I find it interesting that Lincoln Police Chief Tom Casady considers the number of tickets written for overall sound disturbances as some kind of a success rate. In a city of nearly a quarter-million people, the number he quoted (1,336) should be about double what it is for car stereos alone. I have yet to see one of his officers write a citation in my neighborhood. Also, response time is awful. By the time officers arrive, my sleep has already been more than disturbed.

Eliminating this problem begins and ends with enforcement - the kind that involves hanging around a targeted area until the frequency of disturbances subsides. Jonathan D. Roth, Lincoln

Parents, be role models

Parents must know their boundaries. As captain of the Duchesne varsity soccer team, I know what it's like to be in the heat of the game and let your emotions get the best of you. When I am trying to calm my team after a heated moment and the parents are yelling from the benches, the parents are just egging on the fury of the team.

Some parents get so involved in the game that they insult players personally. When parents get to this level, they must remember that they are the role models. When we players see them on this level, it does nothing but let down the team. Nothing good can come from such behavior. Stephanie Stephens, Omaha

Scouts merit praise

What a wonderful picture and article (April 29 World-Herald) about 10 Eagle Scouts from Troop 359. Five boys who became Eagles five years ago called themselves the "Big Guns," and five who achieved scouting's top rank on April 28 called themselves, "Big Guns II." Hats off to all of them!
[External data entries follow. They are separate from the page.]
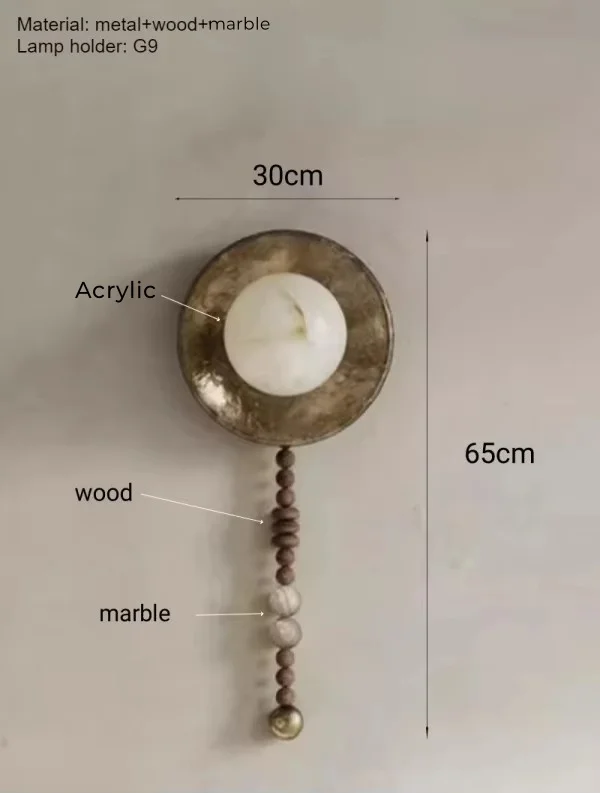 

American Retro Old Gold Round Wall Light Loft Handmade Long Sconce Personality Living Room Lobby Hotel Villa Wooden LED Lighting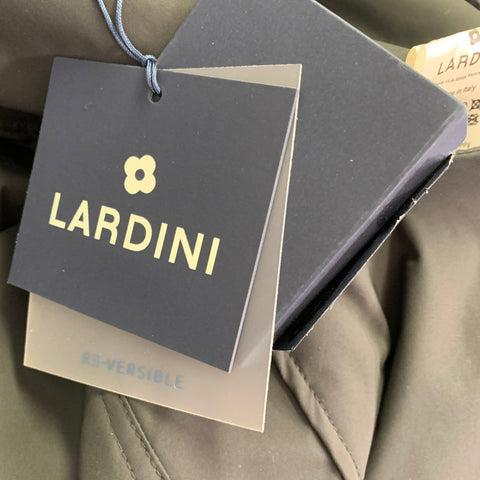 LARDINI Size 38 Axel Grey Navy Black Checkered Wool Reversible Coat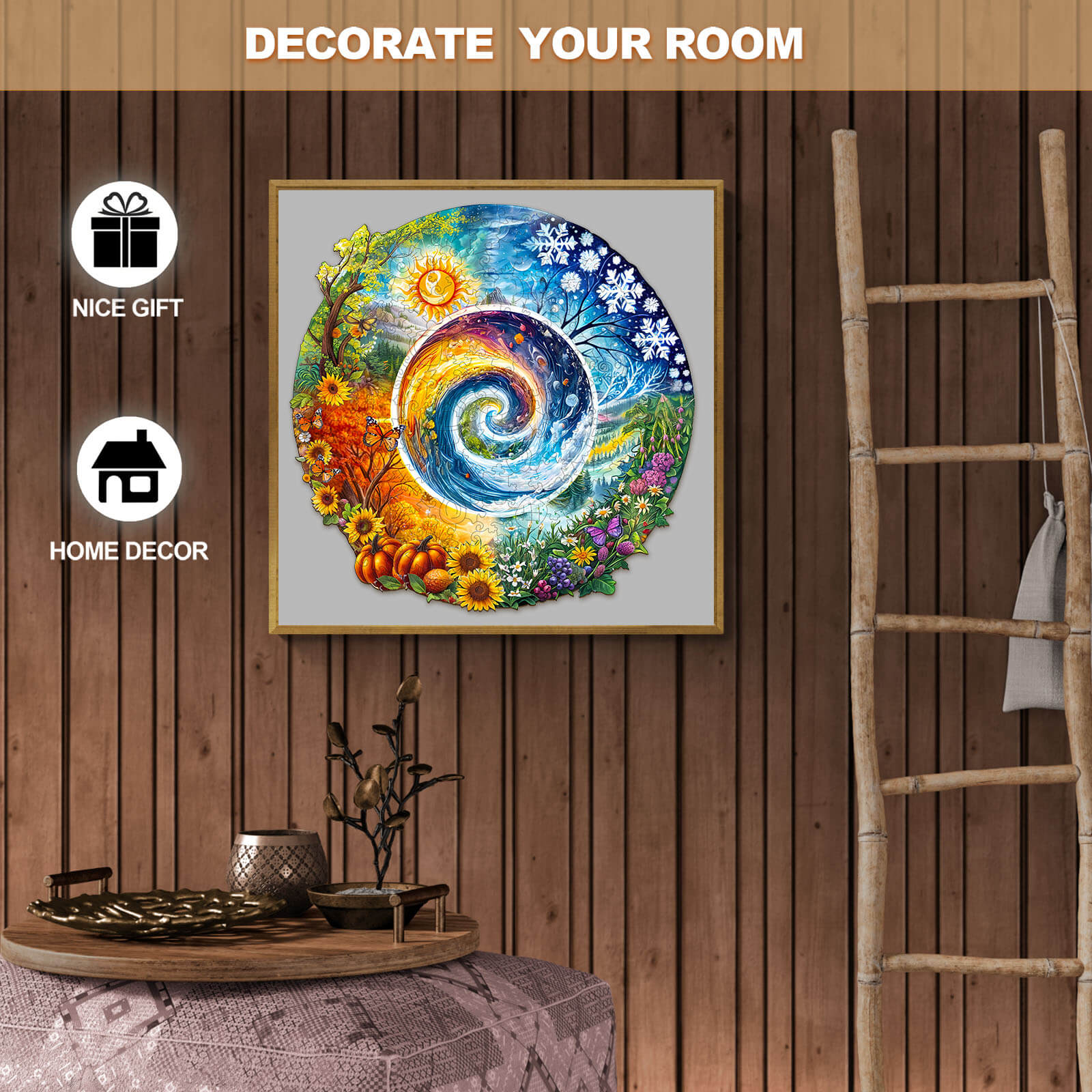 Seasons of Life wooden jigsaw puzzle displayed as vibrant home decor, ideal for gifts and enhancing room aesthetics.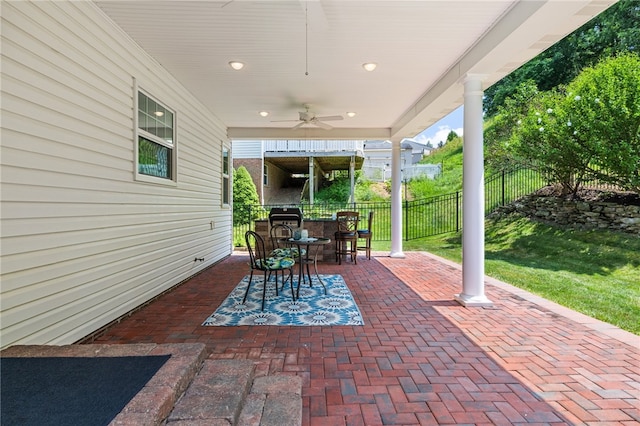 113 Great Rock Dr, Bethel Park, PA 15102 - view of patio / terrace featuring ceiling fan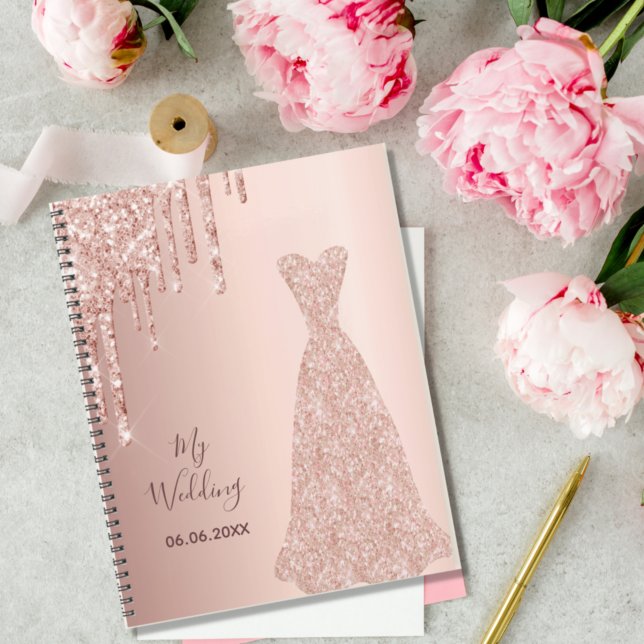 Meine Hochzeit Rose Gold Glitzer Tropfen Braut 202 Planer (Von Creator hochgeladen)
As a mother, grandmother and mother-in-law of Eagle Scouts, I'm well aware of the hours, days and years of hard work and dedication that it takes to get to the top of scouting. Those boys, with the help of good scoutmasters, older scouts and counselors and the boys' families, should be applauded. Hopefully, they will pass along their love of scouting. Ann Carlson, Fremont, Neb.

We need a dog park

I just returned from taking my dog to Holmes Park Dog Run in Lincoln, and it was such a wonderful experience. A creek runs through the seven-acre fenced park, so the dogs can play in the water. It is beautiful and well cared for with benches, tables, trees, parking and trash cans.

It is outrageous that a city the size of Omaha cannot have even one park for dogs and their owners to enjoy, while a city half Omaha's size is working on its second. Lincoln has really got it together.